Mr. SMITH. I am sure all of you would agree, too, just based on your home health care emphasis, that you also see an equal emphasis should be placed on outpatient delivery of testing as well as

care.

Mr. KEISERMAN. Yes, definitely.

Mr. SMITH. Finally, I have one more question, and that is to Mr. Bond. You spoke extensively of prospective payments and you warned that there is a new complication, and the way you put it, it may slow the adoption of new medical techniques if they involve additional costs that are not in the DRG schedule. Could you elaborate on that?

Mr. BOND. This is the point I was making.
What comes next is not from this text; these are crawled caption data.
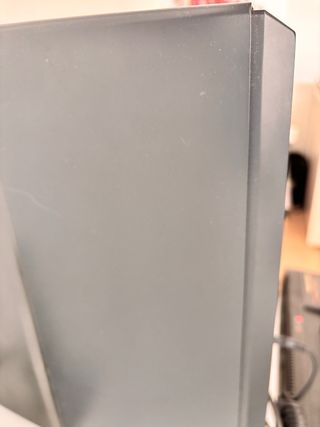 Amstrad CPC 6128 (Leer)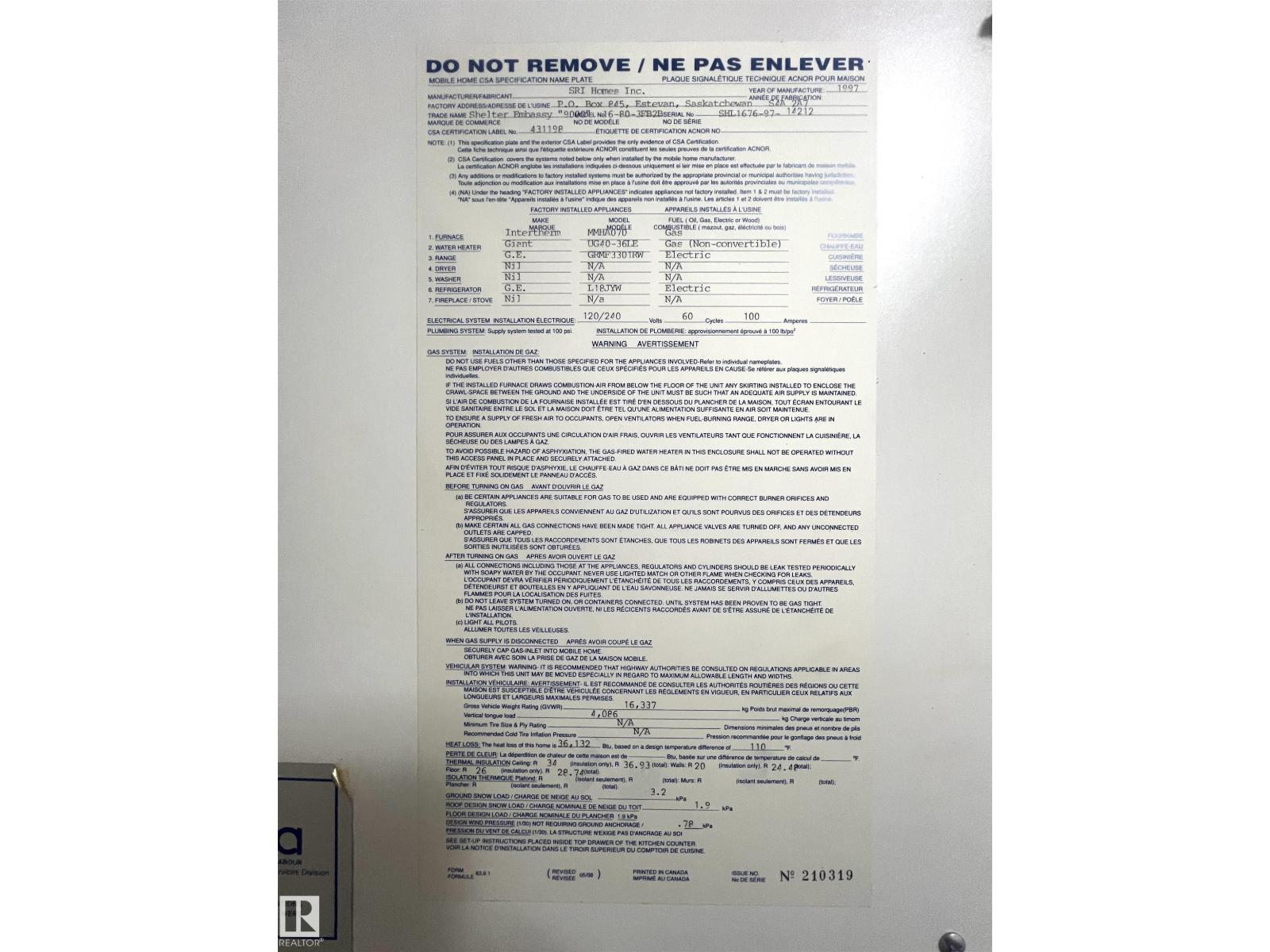 109 4819 51 Av Ne, Millet, Alberta  T0C 1Z0 - Photo 16 - E4473570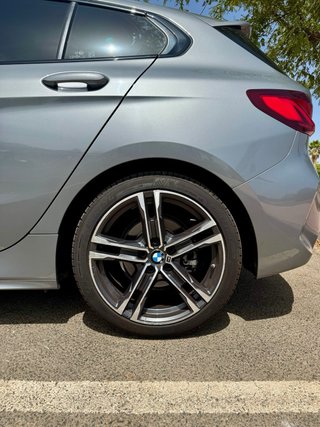BMW Serie 1 118i Corporate Auto 2024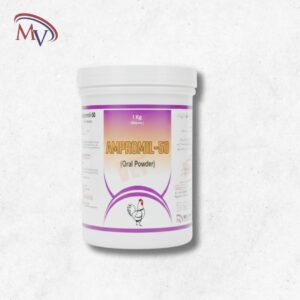 Ampromil-50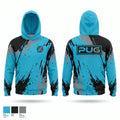 ALLIN LACROSSE Hoodie - 1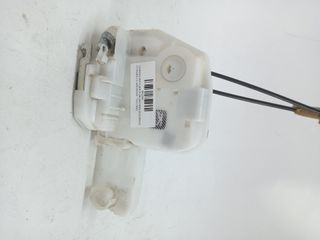 CERRADURA PUERTA DELANTERA IZQUIERDA CITROEN C4 AIRCROSS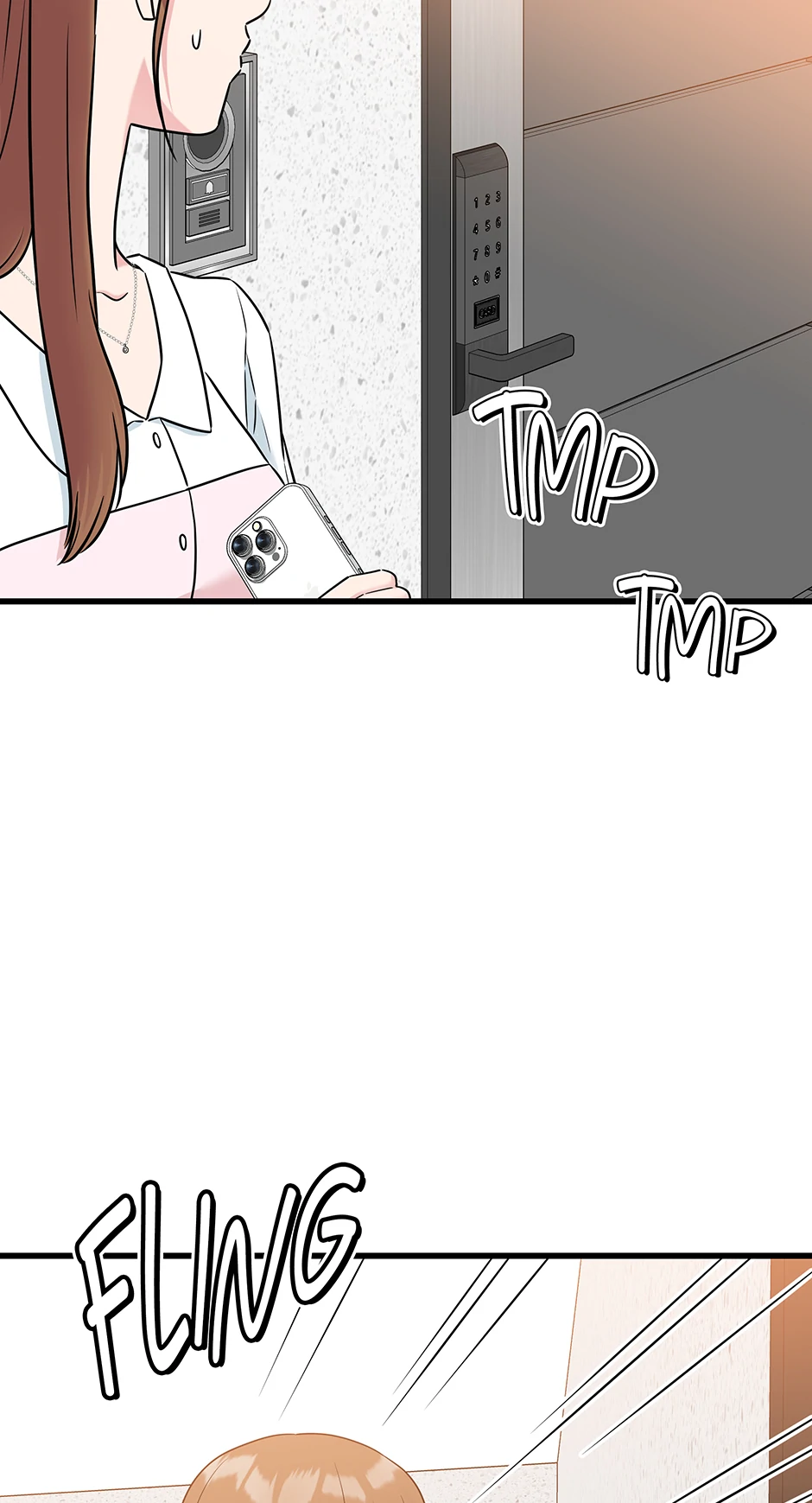 Love on Campus Chapter 51 - Page 84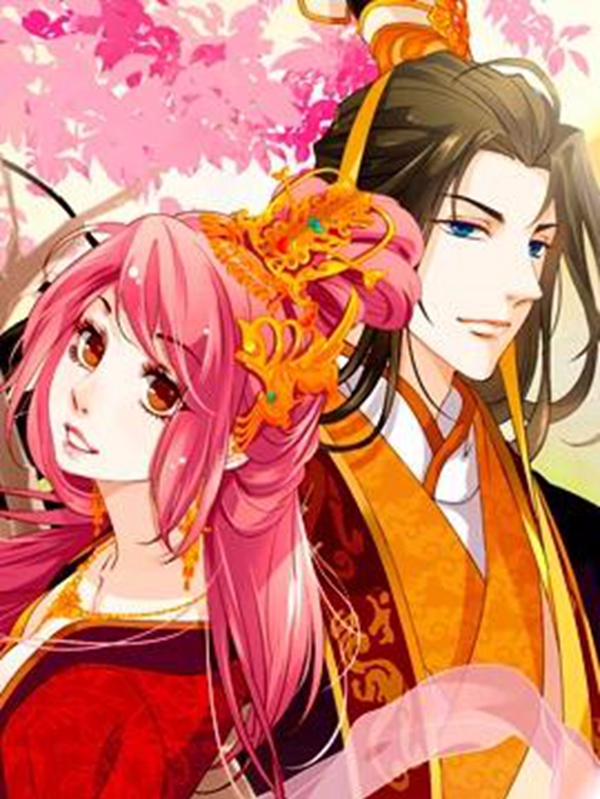 胖回大唐当女神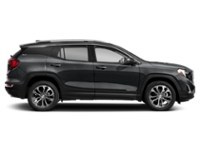 2021 GMC Terrain AWD 4dr SLT Exterior Shot 11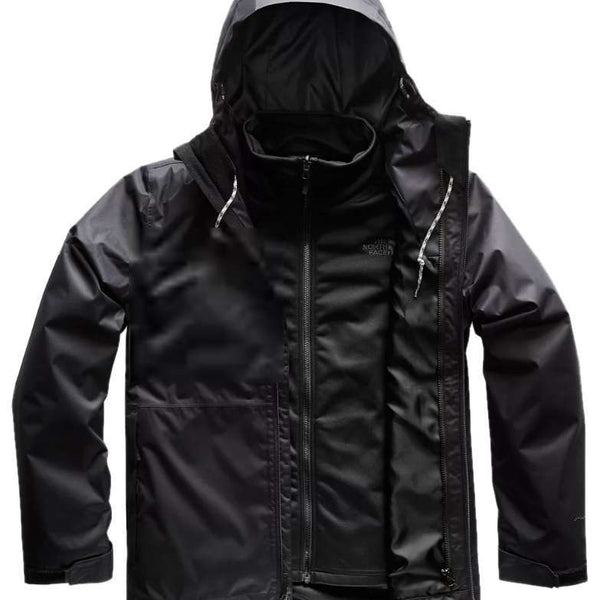 The North Face Men's Arrowood Triclimate Jacket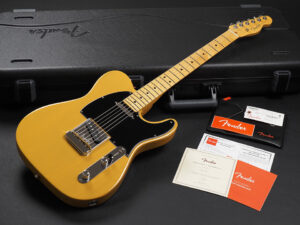 アメリカン プロフィッショナル 2 テレキャスター BBD バタースコッチ ブロンド BD WBD vintage standard アメプロ elite USA STD Ultra original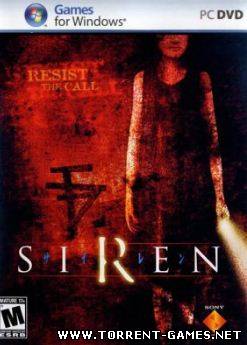 Forbidden Siren (2010/RUS)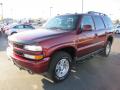 Click for details. 2003 Chevrolet Tahoe Z71 4x4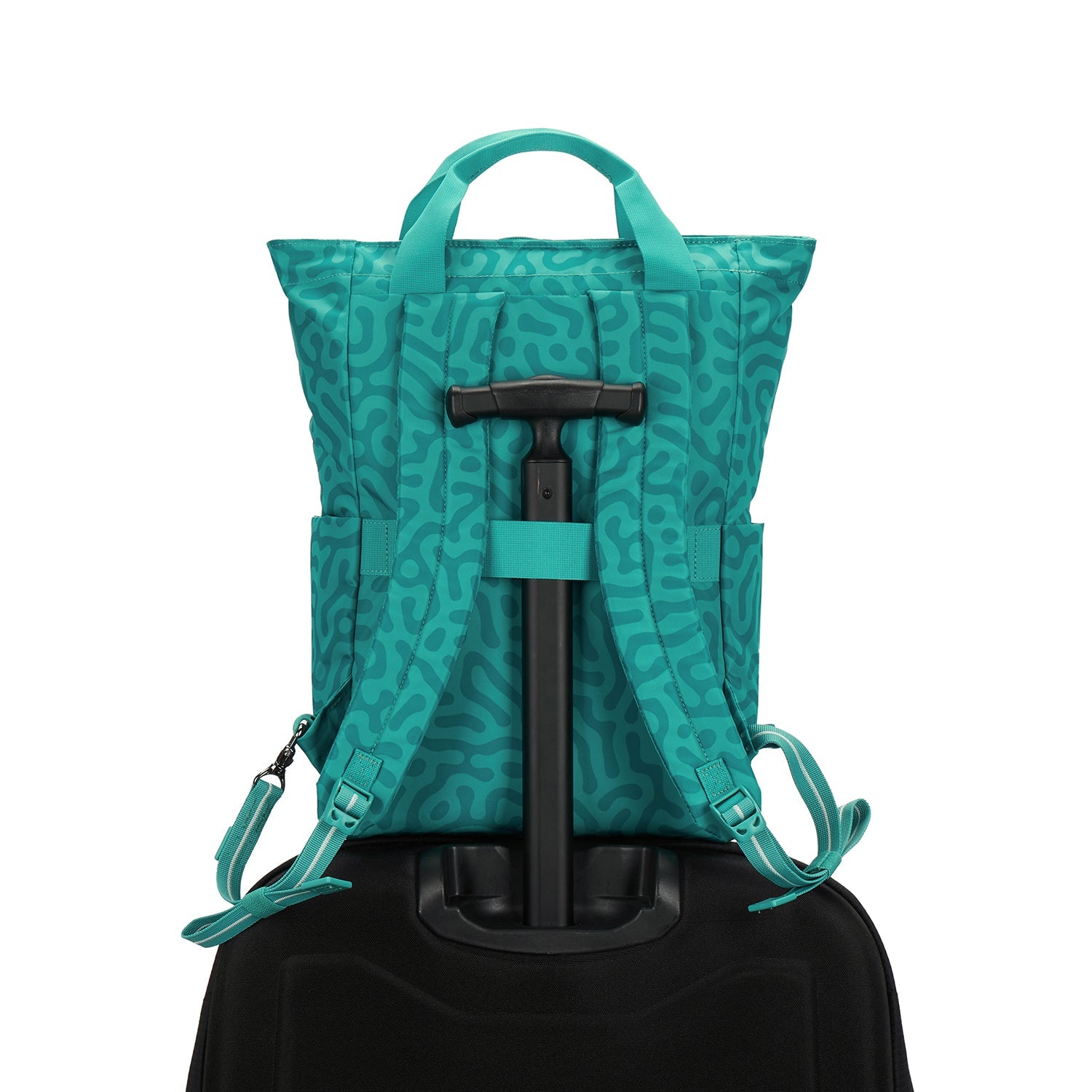 Pacsafe GO Anti-Theft Totepack - Reef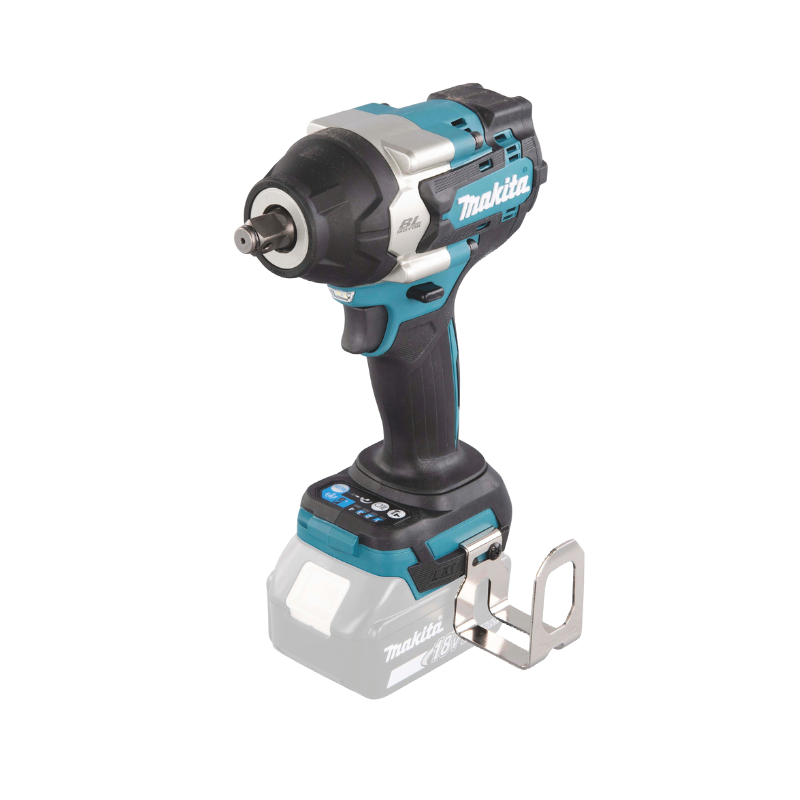 MAKITA Akku-Schlagschrauber 18V 1/2" 700Nm (DTW700Z)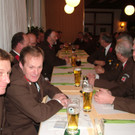 87. Jahreshauptversdammlung der FW Tosters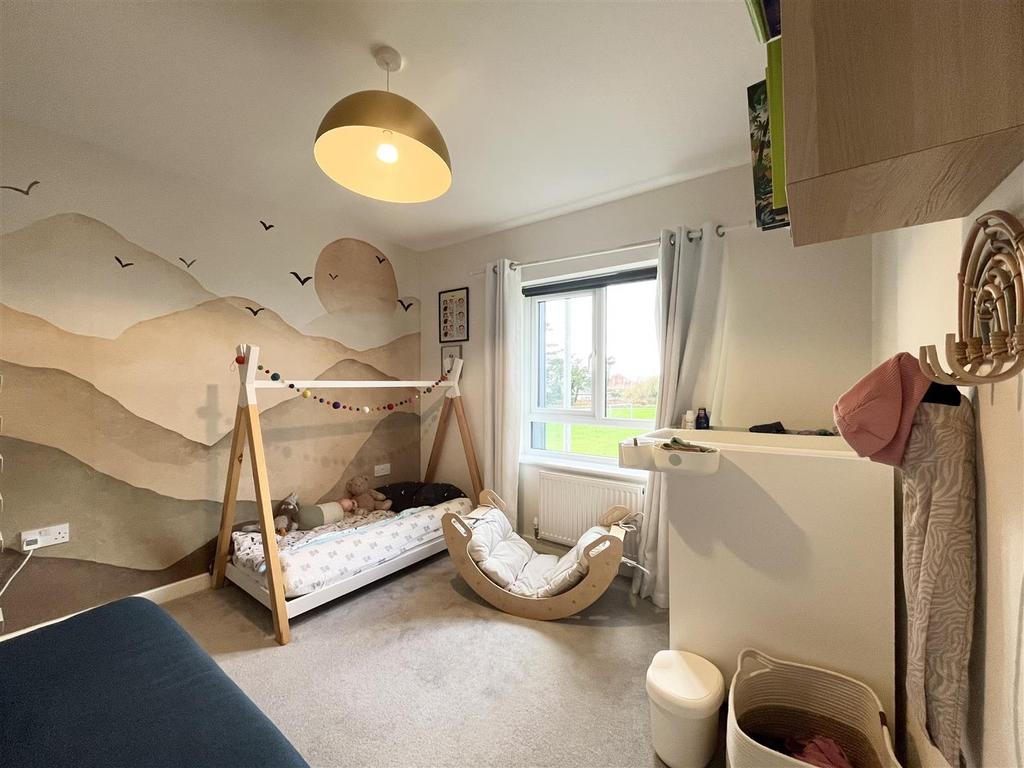 Bedroom 3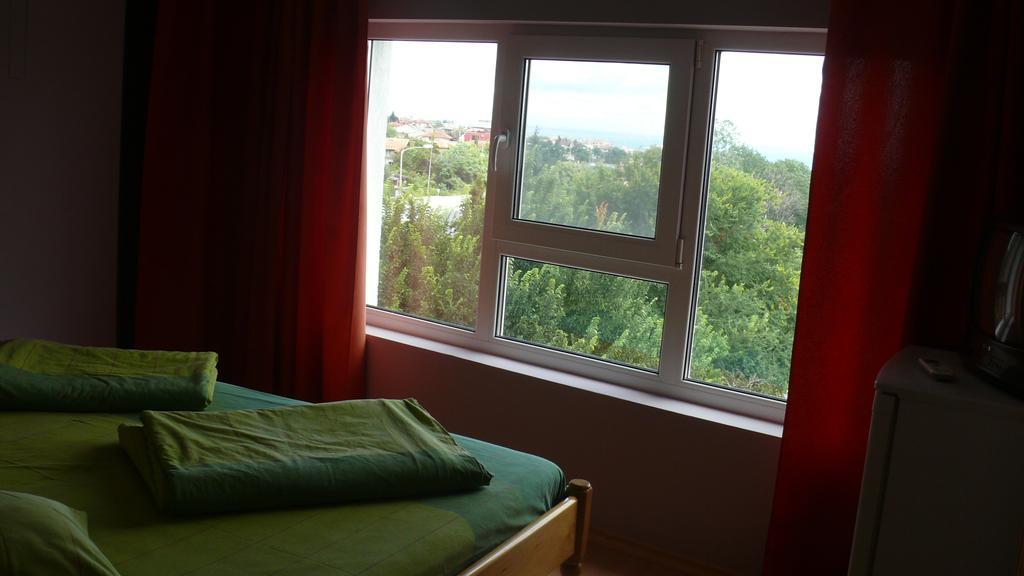 Villa Climate Guest House Varna Chambre photo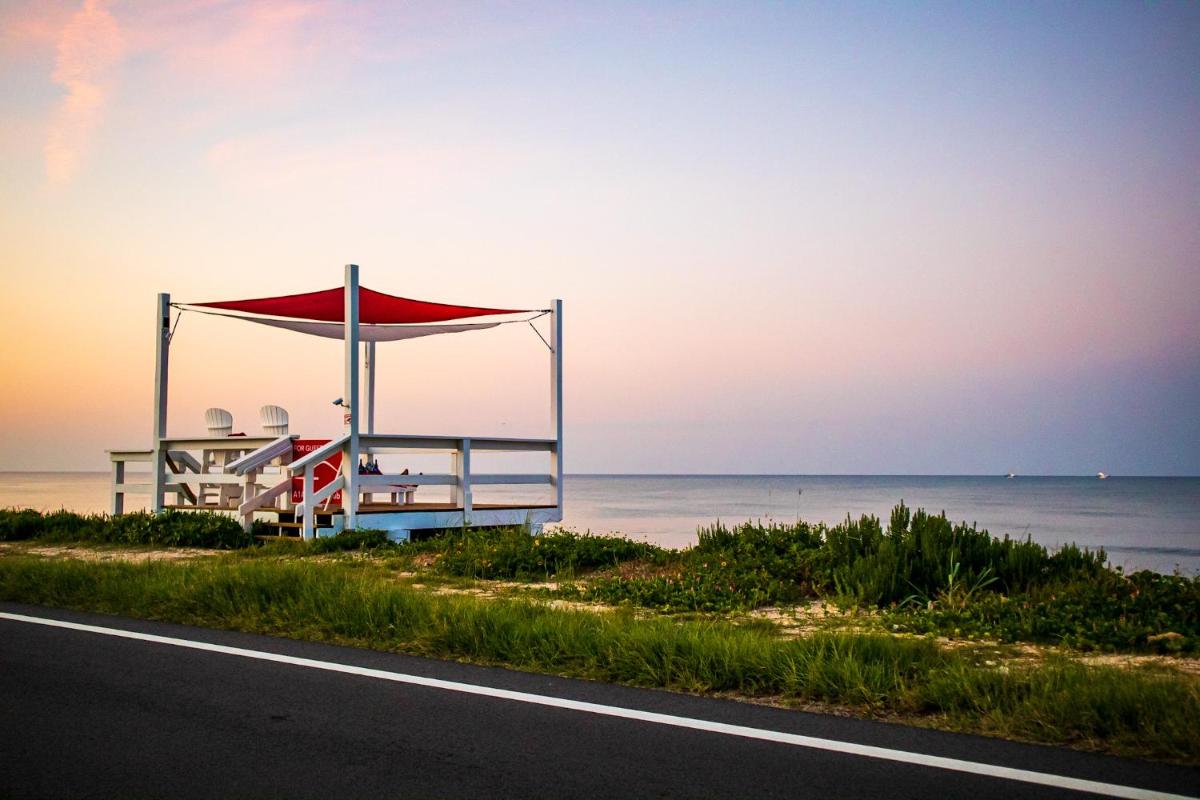Suitetrails - A1A Ocean Club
Let us say there are 460 diagnostic groups reported. A new technique is reported in the medical journals. A physician sees the applicability of it to a patient that he has, but it does not involve any of the types appearing on the DRG schedule. What should he do? Should he have the hospital carry those out and have an overrun on that? Should he decide not to use the latest technique because of the lack of a category to put that in? That is the general question I was raising on that.

Mr. SMITH. Thank you for your comments.

Mr. RINALDO. Thank you. And I certainly want to thank the panel for the reactions of the organizations and your own reactions on these very, very serious problems.

Mr. KEISERMAN. Thank you very much, sir.

Mr. BOND. Thank you.

Mr. RINALDO. I would like to acknowledge the presence of Mayor Jack Rafferty of nearby Hamilton Township who is here this morning. Without objection, I will insert his prepared statement in the hearing record.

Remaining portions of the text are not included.